The Bank of Finland's strategy states that the Bank is Finland's monetary authority and member of the Eurosystem. The Bank of Finland promotes price stability and the stability, efficiency and European integration of the financial system. These create the prerequisites for economic growth and employment. The Bank is also responsible for the country's currency supply and foreign exchange reserves.
Strategic goal: promoter of stability
The Bank of Finland is an active and constructive member of the Eurosystem. The Bank's operations are founded on high quality, transparency and cost efficiency. The Bank also promotes transparency and efficiency throughout the Eurosystem.

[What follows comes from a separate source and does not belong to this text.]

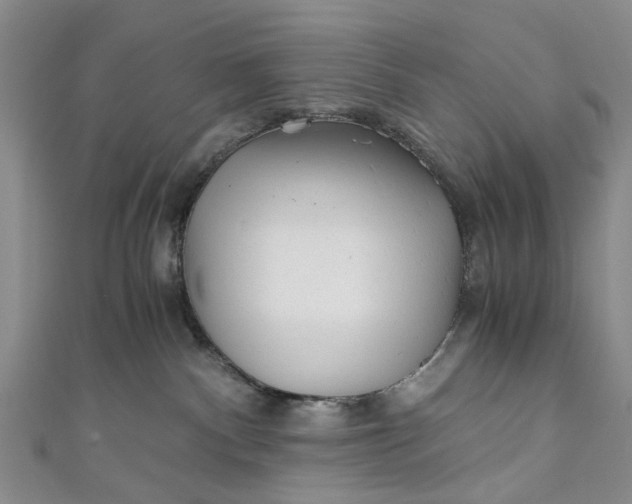 X0000110870140200907021444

The Bank's expertise makes it a sought-after and trusted partner both in the preparation of euro area monetary policy and financial market policy as well as in domestic economic policy making. This expertise is based on leading edge central bank research, high-quality statistics, effective international relations and consistent development of personnel skills.
The Bank of Finland provides reliable and timely financial stability analysis, embracing the entire financial system and integrated with the Bank's macroeconomic analysis and contingency planning against financial crises. The Bank exercises its financial stability role in close cooperation with domestic and foreign authorities.
The Bank of Finland ensures the availability of internationally competitive central bank services to credit institutions and other market participants operating in Finland. In terms of currency supply, the Bank of Finland focuses on its supervisory and developmental role, ensuring that the Finnish currency supply caters to the needs of the Finnish economy and consumers in an appropriate and cost-efficient manner within the payment system framework.
Foreign exchange and investment risks are kept at levels necessary to meet the crisis management requirements and international obligations of a euro area national central bank. The Bank's assets generate a competitive rate of return, in view of the level of risk chosen. Appropriate risk management and cost efficiency provide scope for stable profit distribution in reasonable proportion to the Bank's equity.